And this is the "AlwaysDirty" bit:

// -------------------------- ALWAYS_DIRTY --------------------------- //
// ========================================================================== // 

struct AlwaysDirty : public DisplayElement {
    AlwaysDirty(DisplayInterface &display) : DisplayElement(display) {}
    void draw() override {}
    bool getDirty() const override { return true; }
} redraw_display1 {display1},
  redraw_display2 {display2},
  redraw_display3 {display3},
  redraw_display4 {display4}, 
  redraw_display5 {display5},
  redraw_display6 {display6},
  redraw_display7 {display7},
  redraw_display8 {display8};

Do you have any suggestion how to make the displays update correctly while keeping the controller responsive?

Thanks very much in advance.

[spamanski]

Edited with new info and a more readable sketch (I hope).

Edit2 (sorry) - I just realized I have to also add the MCU reverse engineering code to compliment "AlwaysDirty", or the controller is so slow it hardly works at all. So this is also added to "AlwaysDirty" for my initial post to make sense.

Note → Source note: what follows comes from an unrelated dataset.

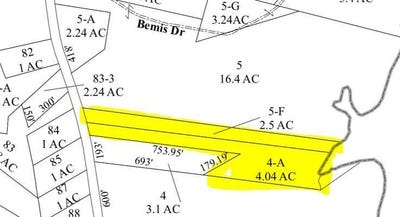 /international/us/5-f-4-a-leaches-point-road-orland-me-110107400341/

// ---------------------------MCURevEng-------------------------------- //
// ========================================================================== //

bool channelMessageCallback(ChannelMessage cm) {
  MIDIMessageType type = cm.getMessageType();
  if (type == MIDIMessageType::NoteOn || type == MIDIMessageType::NoteOff) {
    Serial << hex << cm.header << ' ' << cm.data1 << ' ' << cm.data2 << dec
           << "\t(" << MCU::getMCUNameFromNoteNumber(cm.data1) << ")"
           << F(" on cable ") << cm.cable.getOneBased() << endl;
  } else {
    Serial << hex << cm.header << ' ' << cm.data1 << ' ' << cm.data2 << dec
           << F(" on cable ") << cm.cable.getOneBased() << endl;
  }
  return false;
}

bool sysExMessageCallback(SysExMessage se) {
  Serial << F("System Exclusive message: [") << se.length << "] " //
         << AH::HexDump(se.data, se.length)                       //
         << F(" on cable ") << se.cable.getOneBased() << endl;
  return false;
}

bool sysCommonMessageCallback(SysCommonMessage sc) {
  Serial << F("System Common message: ") << hex << sc.getMessageType();
  if (sc.getNumberOfDataBytes() >= 1)
    Serial << sc.getData1();
  if (sc.getNumberOfDataBytes() >= 2)
    Serial << sc.getData2();
  Serial << dec << F(" on cable ") << sc.cable.getOneBased() << endl;
  return false;
}

bool realTimeMessageCallback(RealTimeMessage rt) {
  Serial << F("Real-Time: ") << hex << rt.message << dec << F(" on cable ")
         << rt.cable.getOneBased() << endl;
  return false;
}

// ---------------------------Setup-------------------------------- //
// ========================================================================== //
 Control_Surface.setMIDIInputCallbacks(channelMessageCallback,   //
                                        sysExMessageCallback,     //
                                        sysCommonMessageCallback, //
                                        realTimeMessageCallback); //

So I guess it has something to do with the callbacks.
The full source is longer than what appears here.